Ethics Scout Fred points me to a little noted episode in the increasingly fraught existence of Attorney General Jeff Sessions, and asks whether the AG’s comments crossed ethical lines.
During a speech about two weeks ago in Las Vegas in which he called for harsher prosecution of criminals and cooperation from local authorities as the federal government cracks down on illegal immigration, Sessions segued to the Cliven Bundy prosecution, and said, cryptically, of Nevada Acting U.S. Attorney Steven Myhre,
“I’ve got to tell you, it’s impressive when you have a tough case, a controversial case, and you’ve got the top guy leading the battle, going to court, standing up and defending the office and the principles of the law. I’m not taking sides or commenting on the case. Just want to say that leadership requires, a lot of times, our people to step up and be accountable.”
Supporters of the Bundy-led armed stand-off with federal authorities think that the Trump administration may sympathize with their anti-government stance, but Trump administration prosecutors are still seeking penalties for Bundy and his group.
Fred notes that “while Sessions is not responsible for how others take what he says, at least no more than any public speaker, the effect of his remarks was to encourage lawbreakers,” based on the statement by Ashley Jones, a producer for radio show host Pete Santilli. Santili, a Bundy ally, is incarcerated pending trial in the case. Jones pronounced Sessions’ comments “a victory for us.”
1. Sessions is almost as inarticulate as his boss. Of course he’s “taking sides,” his prosecutor are taking the side of the government against Bundy and Friends.
2. I read the statement to simply say, ‘It’s good to see a top prosecutor standing up for the Rule of law even when it’s unpopular.’ Sure it is. How could that possibly be seen as a pro-Bundy statement?
3. The despicable tactic of framing a statement by an official to mean something it doesn’t to sway public opinion is old, transparent, dishonest, and only works on the language challenged, the dumb, or the hopelessly biased. By saying Sessions’ comments constituted support when they didn’t and couldn’t, Jones is launching a Big Lie. Remember when Hillary Clinton, after James Comey announced that she had barely escaped prosecution despite her negligently <cough!> handling her e-mail, stated in an interview that Comey had confirmed what she had been saying all along? Same thing. Don’t vote for Ashley Jones, either.
4. Fred is right that a speaker isn’t responsible when someone falsely represents what he says, but speakers are responsible for being sufficiently clear that their words can’t be used to support unethical ends. Sessions shouldn’t have commented on the case at all unless he was able to be less abstruse. If working in the Trump administration is making him talk as imprecisely as his boss, Sessions should resign before he’s fired.
5. Sadly, I think the problem is that Jeff Sessions just isn’t very smart.
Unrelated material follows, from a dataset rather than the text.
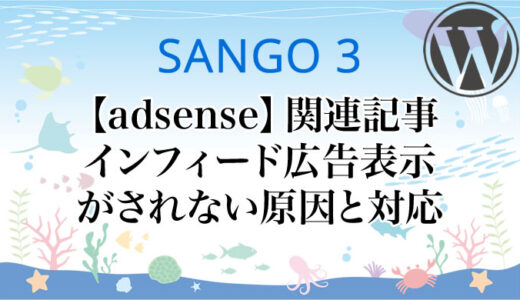 SANGO3【adsense】 関連記事のinfeed広告の表示がされない原因と解決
His support for civil asset forfeiture points to this conclusion (see an excellent Reason post here); so do his jokes and other comments that got him tarred as a racist decades ago; so did his handling of the matter of his contact with the Russian ambassador, and his eagerness to support Donald Trump’s candidacy for President despite Trump’s obvious deficits.
In a non-politics interview with Meredith Vieira, Trump once said, “You have to be very smart…. You can never have somebody so smart that he’s smarter than you. You have to be the smart one.”
She replied, “But that sounds like you surround yourself with stupid people?”
I would have said, “That’s one of the dumbest things I’ve ever heard in my life, and a terrible approach to leadership.”
It does explain Jeff Sessions, though.